Pernikahan anak sudah mendapat kritik sejak dulu dari berbagai pihak, terutama aktivis perempuan. Hal ini dikarenakan pernikahan ini dinilai menimbulkan banyak dampak negatif. Sebuah studi tahun 2004 di Bangladesh yang tercantum dalam Jurnal Studi Pemuda menyatakan dampak pernikahan anak adalah dapat meningkatkan anak putus sekolah dan drop out, meningkatkan kasus KDRT, bahkan yang lebih berbahaya dapat meningkatkan angka kematian Ibu melahirkan.
Selain itu, menurut penelitian di Ethiopia 2006, fenomena pernikahan anak dapat menyebabkan terjadinya ketidakstabilan pernikahan, rendahnya status kesehatan, ketidaksetaraan status perempuan dan persoalan kesejahteraan anak. Inilah yang akhirnya pemerintah merevisi Undang-undang tentang Pernikahan, menjadi Undang-undang Republik Indonesia Nomor 16 tahun 2019 sebagai perubahan atas Undang-undang Nomor 1 tahun 1974 tentang perkawinan, tentang batas minial usia menikah laki-laki dan perempuan adalah 19 tahun.

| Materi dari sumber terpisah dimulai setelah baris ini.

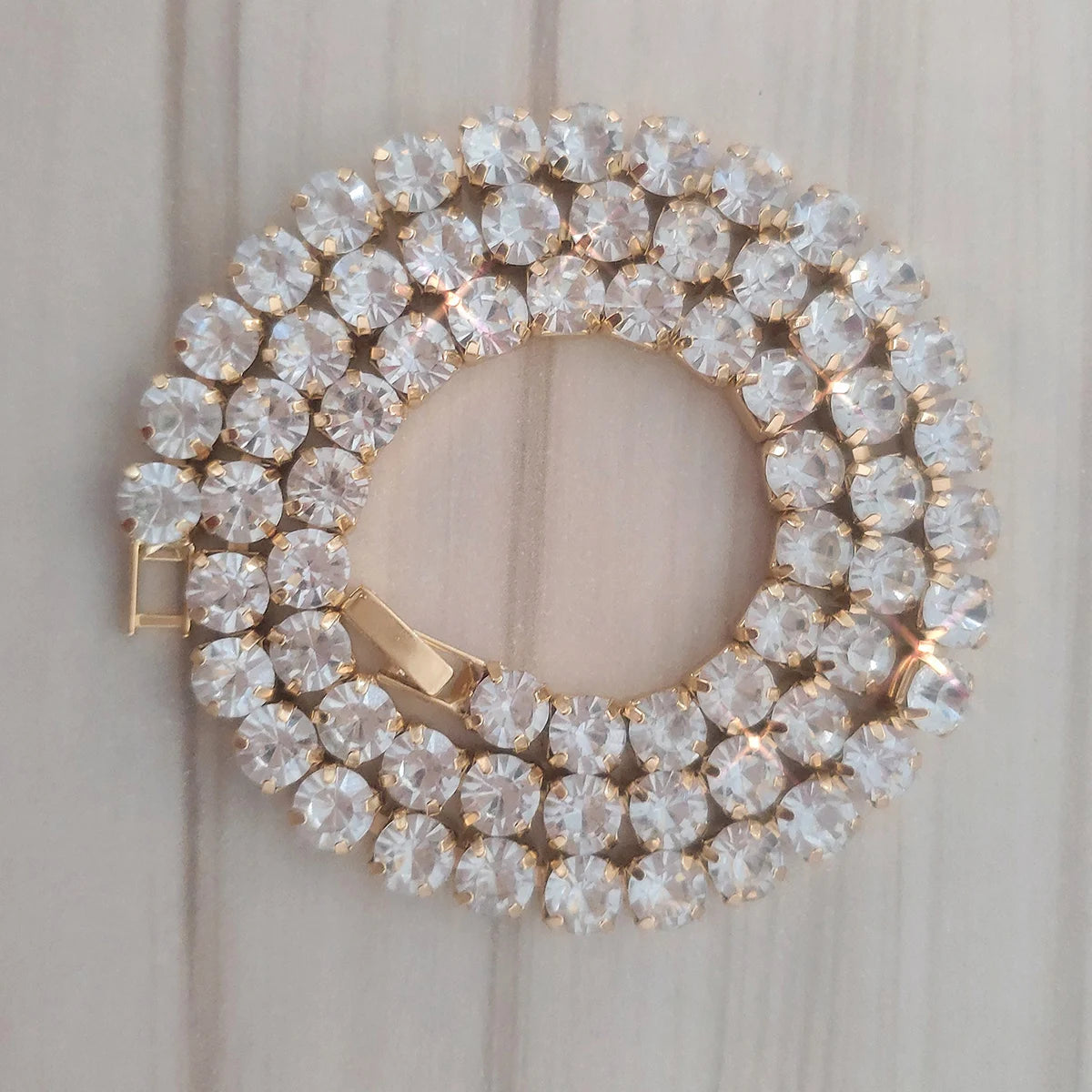 Tennis Chain Necklace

Jika diamati, kemudahan akses informasi era sekarang turut menyumbang kenaikan angka pernikahan anak. Sehingga, fenomena ini tidak lagi hanya disebabkan oleh faktor kemiskinan, adat atau yang lain. Tetapi faktor yang tidak kalah berpengaruh adalah faktor media sosial ini. Apa yang menjadi tontonan mereka di internet sangat berpengaruh bagi hidup anak-anak sekarang. Sehingga, pernikahan anak yang dengan mudahnya diunggah dalam media sosial merupakan kenyataan yang sungguh sangat disayangkan. Terlebih jika unggahan tersebut tanpa adanya edukasi dan analisis dampak resikonya.

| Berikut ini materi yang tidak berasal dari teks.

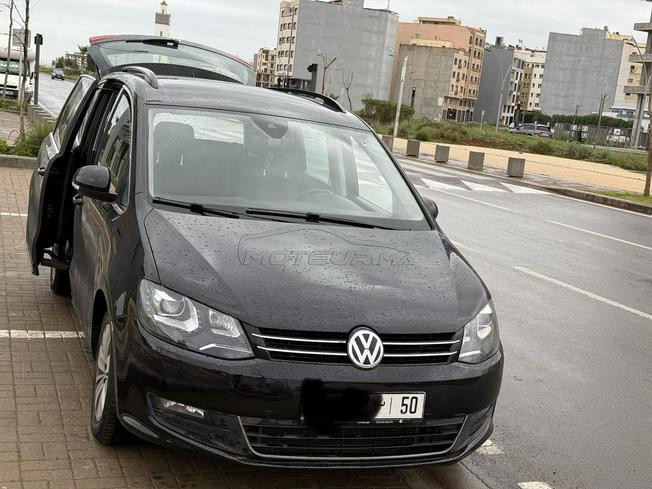 Volkswagen sharan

Media sosial dengan mudah memfasilitasi publikasi kenikmatan nikah di bawah umur seperti bermesraan, plesiran berdua dan ekspresi lain dengan narasi “indahnya pacaran setelah halal”. Narasi lain seperti “Lebih baik menikah daripada zina” misalnya, sudah menjadi hal yang tidak asing di telinga anak-anak sekarang. Tidak ada yang salah dengan promo nikah ini, terutama jika diakitkan dengan upaya mengurangi pergaulan bebas dan maraknya perzinahan. Persolannya, apakah memang jalan keluarnya dengan nikah? benarkah nikah sebagai jalan ninja agar tidak zina? Begitukah tujuan dan makna nikah? ini yang perlu dipikir masak-masak.

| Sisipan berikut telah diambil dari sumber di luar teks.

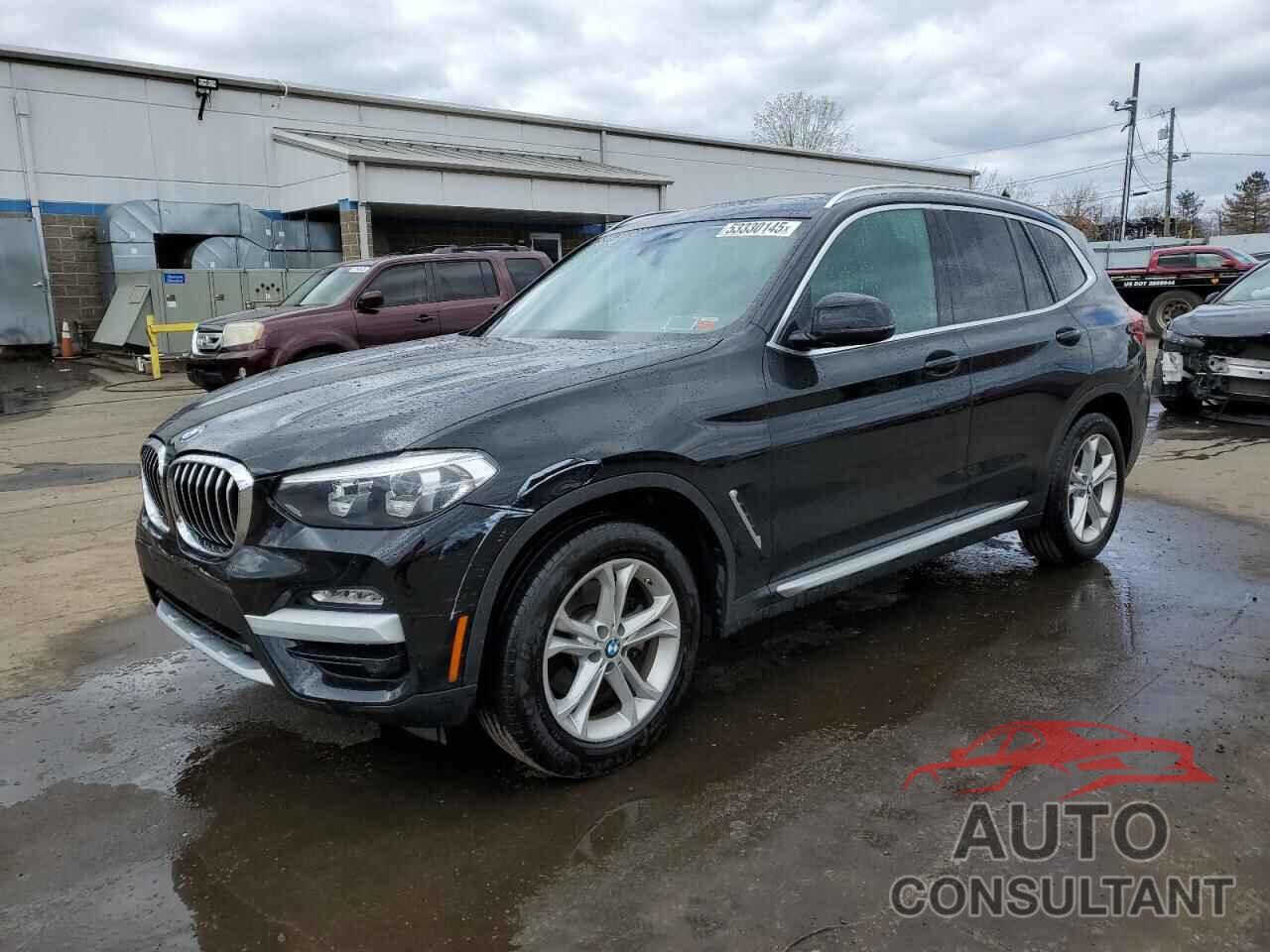 BMW X3 2019 - 5UXTR9C55KLR05364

Tampaknya ada yang kurang tepat dengan pemahaman hadis berikut:
“Wahai sekalian pemuda! Barangsiapa diantara kalian yang telah mampu ba’ah (memberikan nafkah lahir dan nafkah batin), maka hendaklah ia menikah, karena sesungguhnya menikah itu lebih dapat menjaga pandangan dan memelihara kemaluan, dan barang siapa yang belum mampu maka hendaknya ia berpuasa, karena sesungguhnya puasa itu adalah pengekang baginya.” (HR. Muslim).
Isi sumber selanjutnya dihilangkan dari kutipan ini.